I have great respect for DaveOmak, he appears to have decades of experience.

I don’t think his comment was harsh and I don’t think Smokeusum was actually offended…looked like an admission to buying a “newfangled” gadget that old timers pshaw to me. Nothing over the top.

Anyway, I agree with Dave on his comments about watching people smoke since a kid. I’m sure a lot of them did not use water. A lot of them don’t use marinades, injections, mustard rub before fancy schmancy rub concoctions…none of that.

HOWEVER…my wife always stops in NC on her way back from family to get the BBQ they always ate down there. Yep, that famous “Lexington” BBQ. People rave about it and swear by it, however it never impressed me.

That “Lexington” BBQ joint…one that has been around forever and has been featured on many food shows, proudly proclaims they use only salt, heat and smoke as I recall. I can tell…like I said…”not impressed”.

My wife made BBQ butt in the crock pot for years that’s blows this “Lexington” stuff away and now that I smoke my own…I blow away this “Lexington” BBQ with a masterbuilt AND a water pan. Sorry to any diehard fans out there…this is just fact. Salt and smoke can’t compete with more complex rubs in my humble opinion.

Another very weird thing about these “Lexington” folks…they don’t pull meat, they only slice and chop…Huh?


----------



## massivemedic

I just seasoned my offset charcoal smoker. There is a grease pan and an ash pan but no water pan, what do i do? P.s. im completely new to smoking. Going ti smoke my first stuff this weekend.


----------



## humdinger

Some guys use an empty pie tin or something similar. Just fill that with water and place it somewhere in the cooking chamber where it wont interfere with the air flow or meat cooking on the grate. Hope that helps.


----------



## tonka16827

The best advice I found on water pans was someplace else in the Forum - "Fill with sand and cover it with foil. You don't want to steam your meat. The pan works better to distribute the heat with the sand."  I filled my a couple of years ago and I've never regretted it.


----------



## massivemedic

Thanks guys it does help


----------



## eatmypork

So this was a great read! 

Now with that said, has anyone thought about half sand and water?  My thoughts on that would be one the RH would be high at the start till the water evaporates. Then when that happens the sand would still be there as a regulator for the heat, but the RH of the smoker would be lower for the end of the cook. Just something I thought about while reading this thread


----------



## humdinger

Not a bad idea EatMyPork. I have a propane smoker and I stop using water pans years ago after I read that when propane burns it gives enough moisture to keep the cook chamber at an acceptable level. I have also read that charcoal or wood smoke chambers run a bit drier due to a different fuel source, and since MassiveMedic has a charcoal offset, I suggest he try a pie tin.
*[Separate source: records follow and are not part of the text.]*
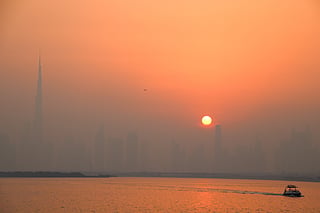Why humidity peaks at night, why rain stays away and what causes the discomfort.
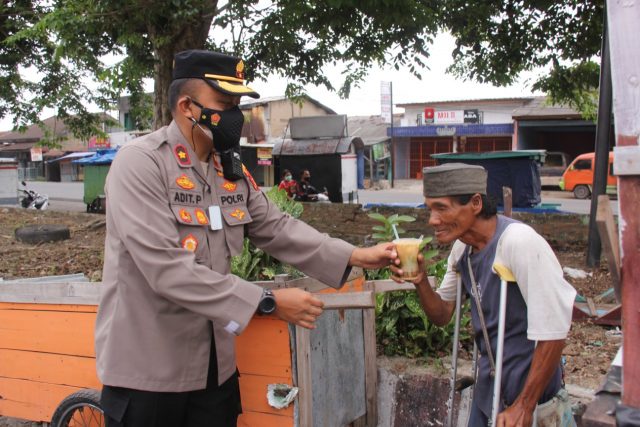 Polresta Bandarlampung Bagikan Paket Sayuran dan Makanan Gratis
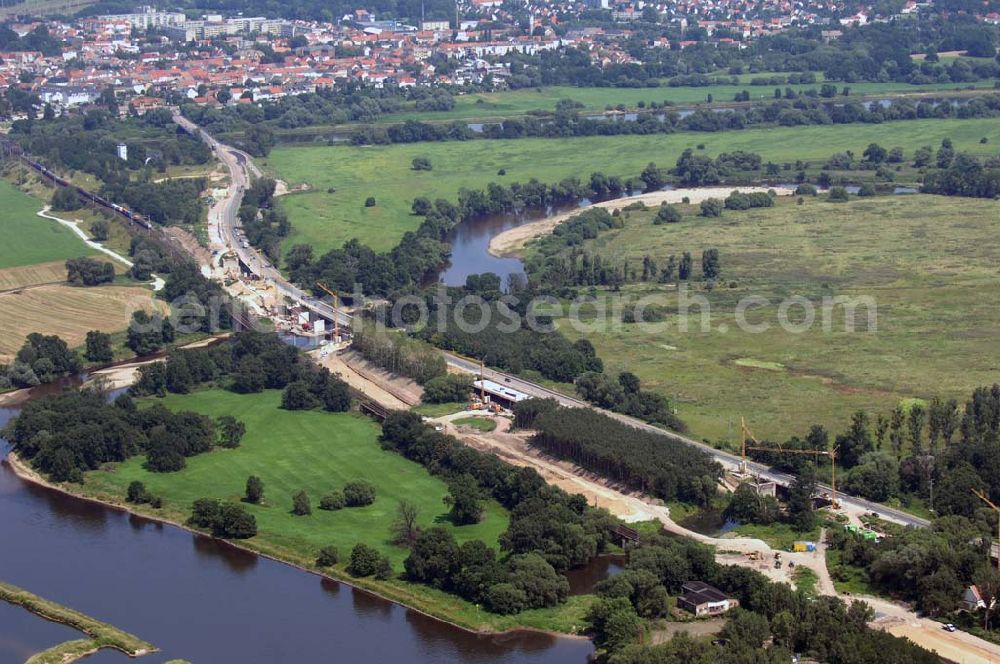 Dessau from above - Blick auf verschiedene Brückenbauwerke an der Baustelle zum Ausbau der B184 zwischen Dessau und Roßlau in Sachsen-Anhalt. Die B184 wird aufgrund des gestiegenen Verkehrsaufkommens 4-streifig über den Verlauf der Elbe hinweg ausgebaut.Bauherr ist der Landesbetrieb Bau Sachsen-Anhalt, die Projektleitung liegt bei SCHÜßLER-PLAN Berlin.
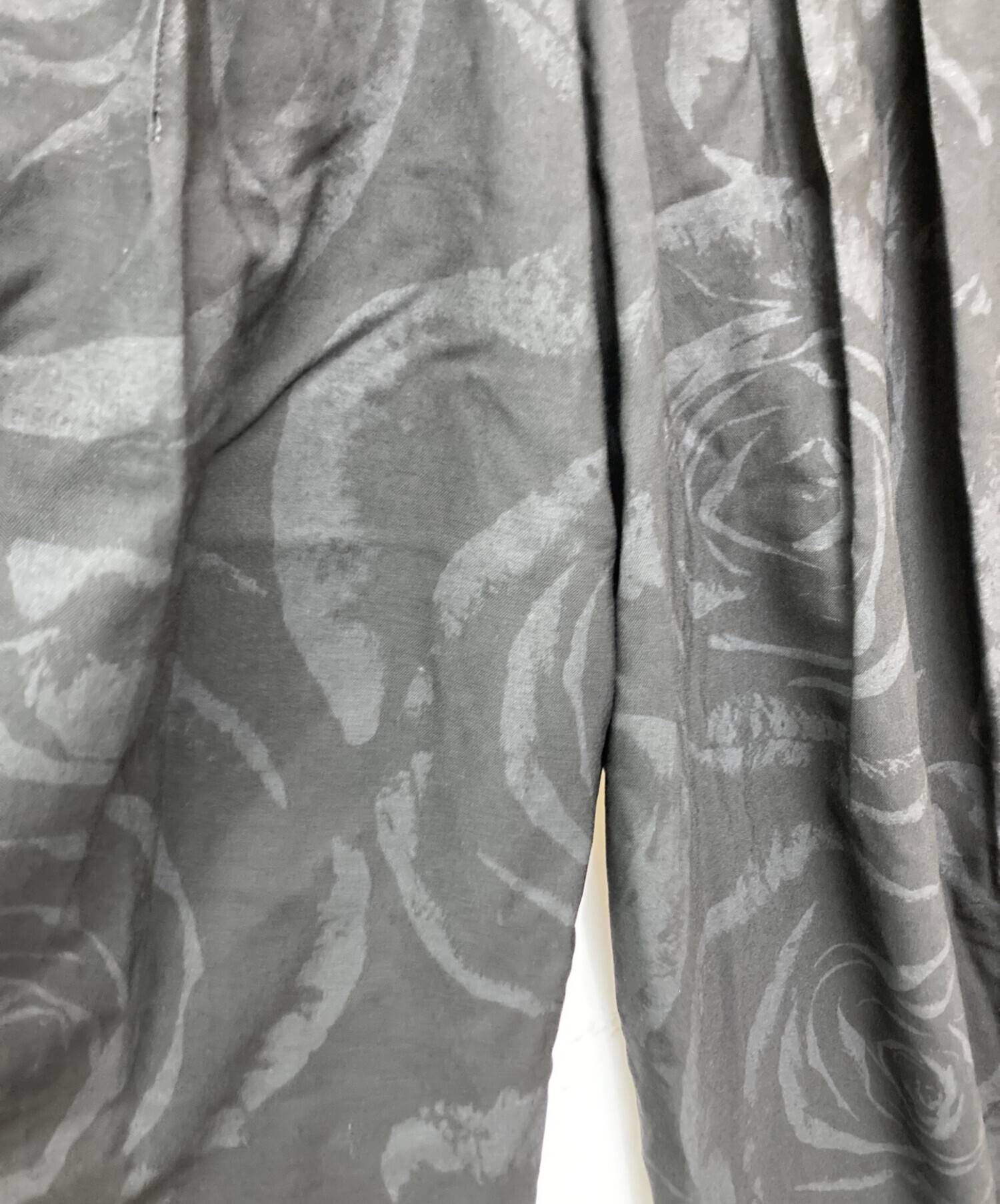 パンツ LAD MUSICIAN BIG ROSE HAKAMA SLACKS 中古・古着通販】LAD MUSICIAN (ラッドミュージシャン) BIG ROSE 2TUCK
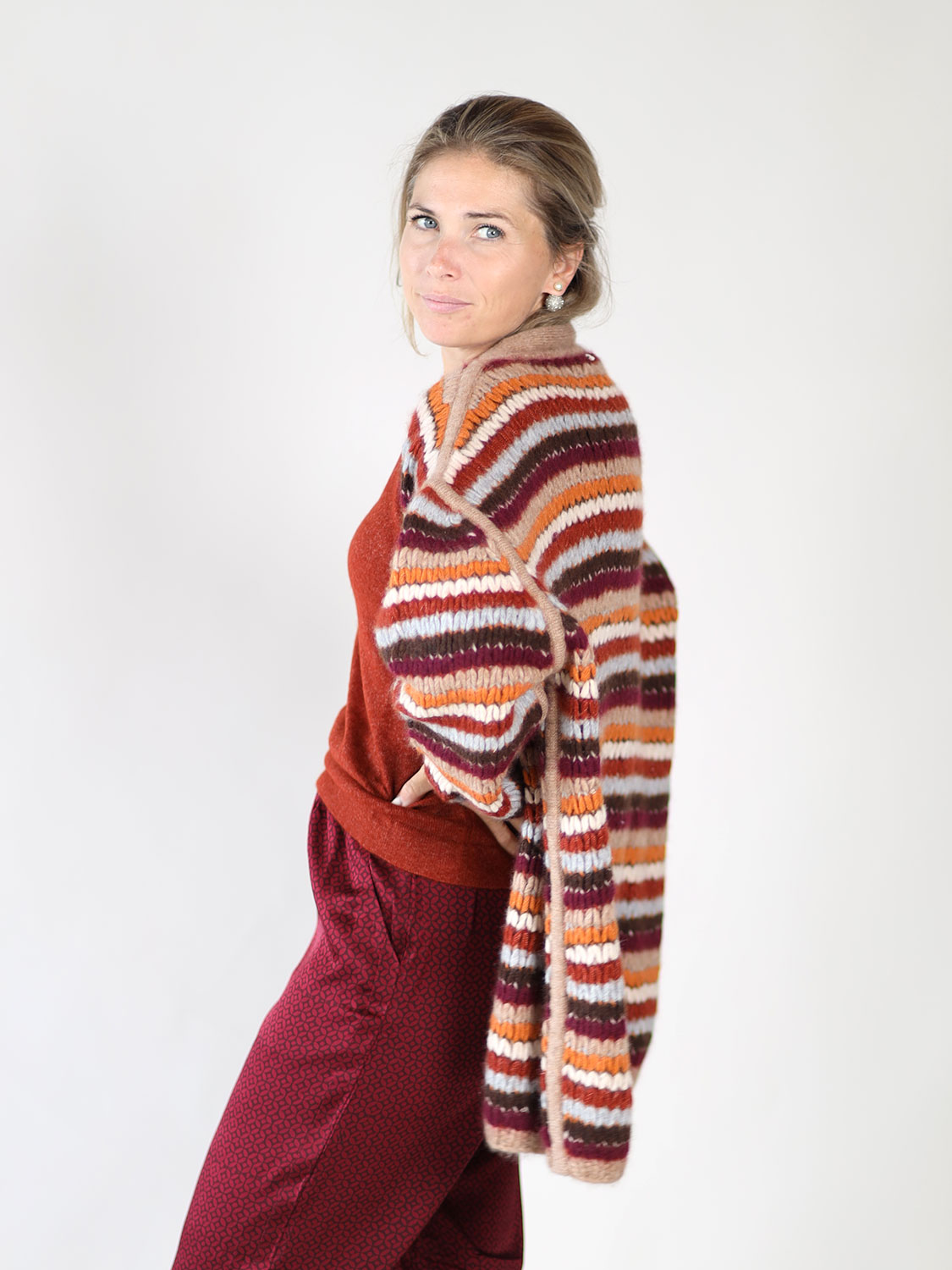 Weite Strickjacke mit Streifenmuster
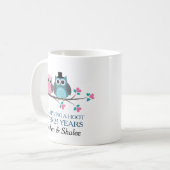 Trouwen Jubileum Gepersonaliseerde Uil Gift Mok (Voorkant links)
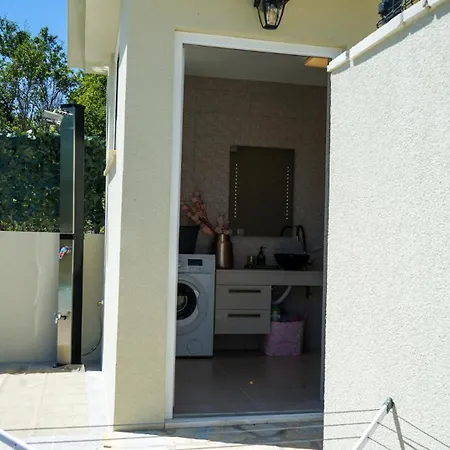 Edvard Poljica (Makarska)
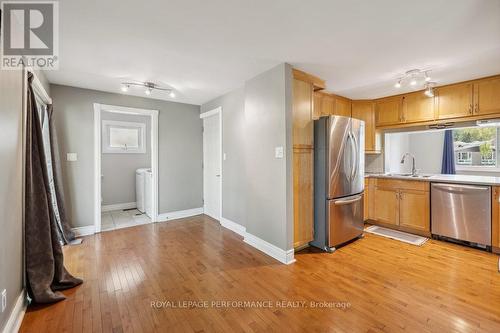 2045 Deerhurst Court, Ottawa, ON - Indoor Photo Showing Kitchen With Double Sink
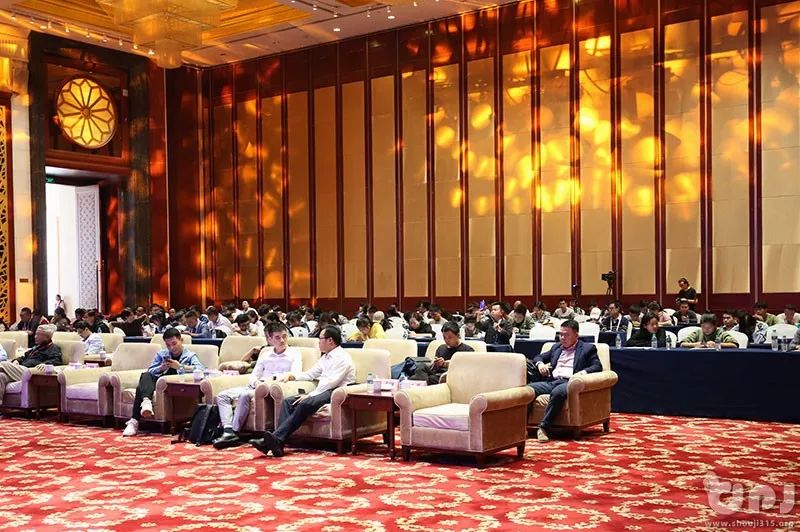 手机新零售智慧渠道高峰论坛,手机配件新零售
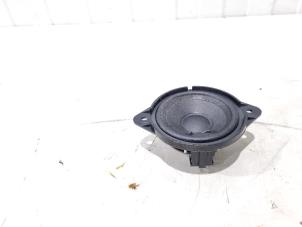Gebruikte Luidspreker Audi A7 Sportback (4GA/4GF) 3.0 V6 24V TFSI Quattro Prijs € 19,00 Margeregeling aangeboden door GEJO Revisie & Onderdelen BV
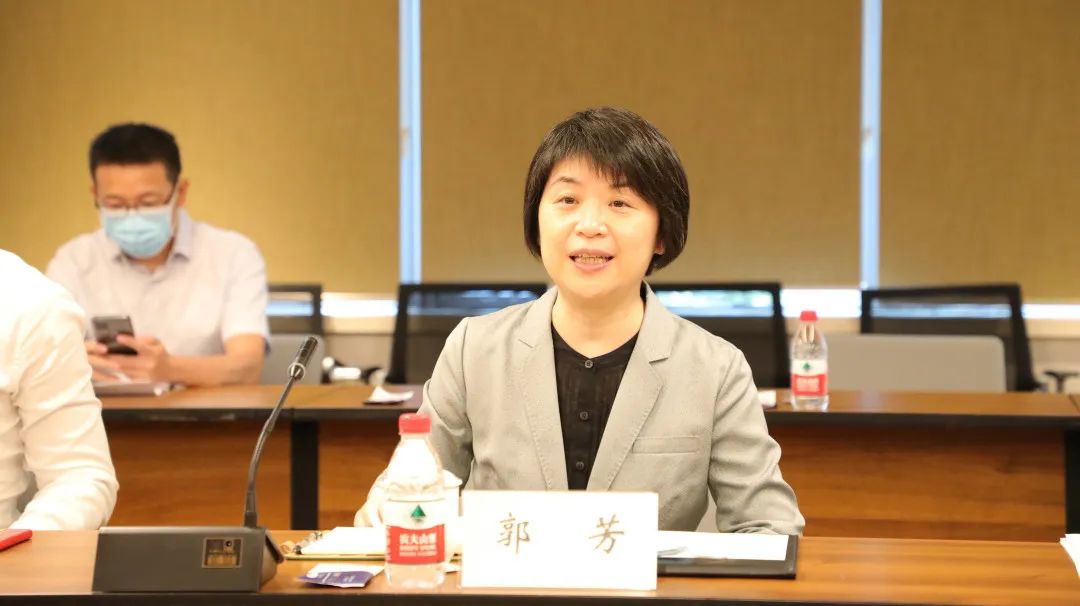 上海市委常委虹口区委书记郭芳一行来我校交流座谈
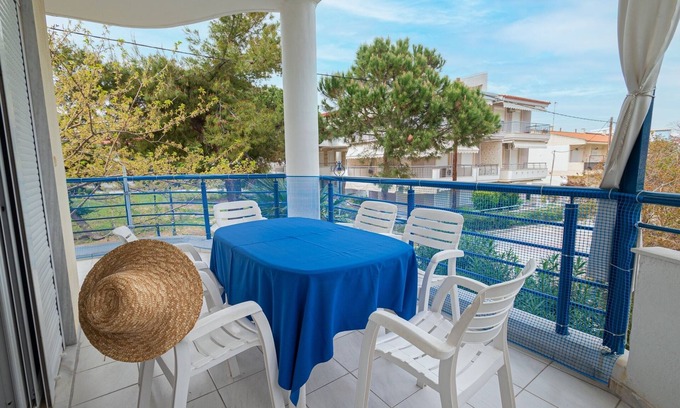 Haniotis House | Coastal Blue 1 by RentalsPro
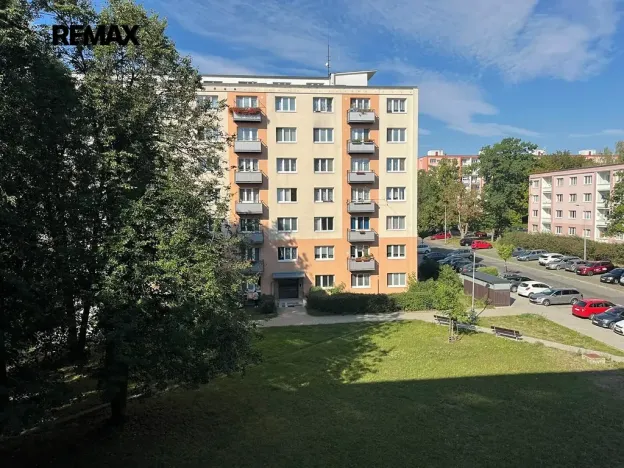 Pronájem bytu 2+1, Kladno, Litevská, 62 m2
Bottom line for me is do a few smokes with it, and then do a few without and see what works best for your style of cooking. I put pea gravel in my water pan 3 years ago and never looked back.


----------



## remsr

I am a dry chamber smoker too ever since a 28 time grand champion said don't fill the pan with water. I have a WSM 22 1/2 and a MES 40" both pans are filed with play sand and covered with foil. I don't soak my wood either,


----------



## dirtsailor2003

REMSR said:


> I am a dry chamber smoker too ever since a 28 time grand champion said don't fill the pan with water. I have a WSM 22 1/2 and a MES 40" both pans are filed with play sand and covered with foil. I don't soak my wood either,



What if the 28 time champion was trying to take out the competition! 

I'm a dry smoke chamber guy too. Dry wood also.


----------



## myownidaho

I use a water pan just because I'm using a Bradley. When the briquet is done, it gets shoved into the water to extinguish it. If you don't do that, it continues to smolder for a bit and imparts off flavors.

When I was using a Brinkmann, I used the water pan because it helped me with temperature control and because I didn't know any better.


----------



## remsr

I have read a lot about why not fill the pan with water and why you should and I have also read a lot about why you shouldn't soak your wood and why you should. Why I shouldn't do these things made more sense than why I should. I didn't just take the 28 time grand champions word for it. If you google the questions, is filling the water pan necessary for smoking foods? And is soaking wood chunks and chips necessary for smoking foods? Your questions will most likely be directed to answers by the people on the Forms. 

Randy,


----------



## daniels

Wow!  Good thread.  All sorts of opinions and the logic behind them.

Now for my $0.02 worth.

Sand would only act as a mass to reduce temperature fluctuations whether above or below 212*.  If my WSM got up to 275* with a water pan full of sand then it would tend to keep the temperature at 275*.  It would reduce the duration of the temperature swings and aid in temperature recovery when a wind whipped up or the aluminum door was opened.  But if the sand gets well below or above my target temperature it makes it more difficult to attain that target temperature.  Sort of like thermal inertia.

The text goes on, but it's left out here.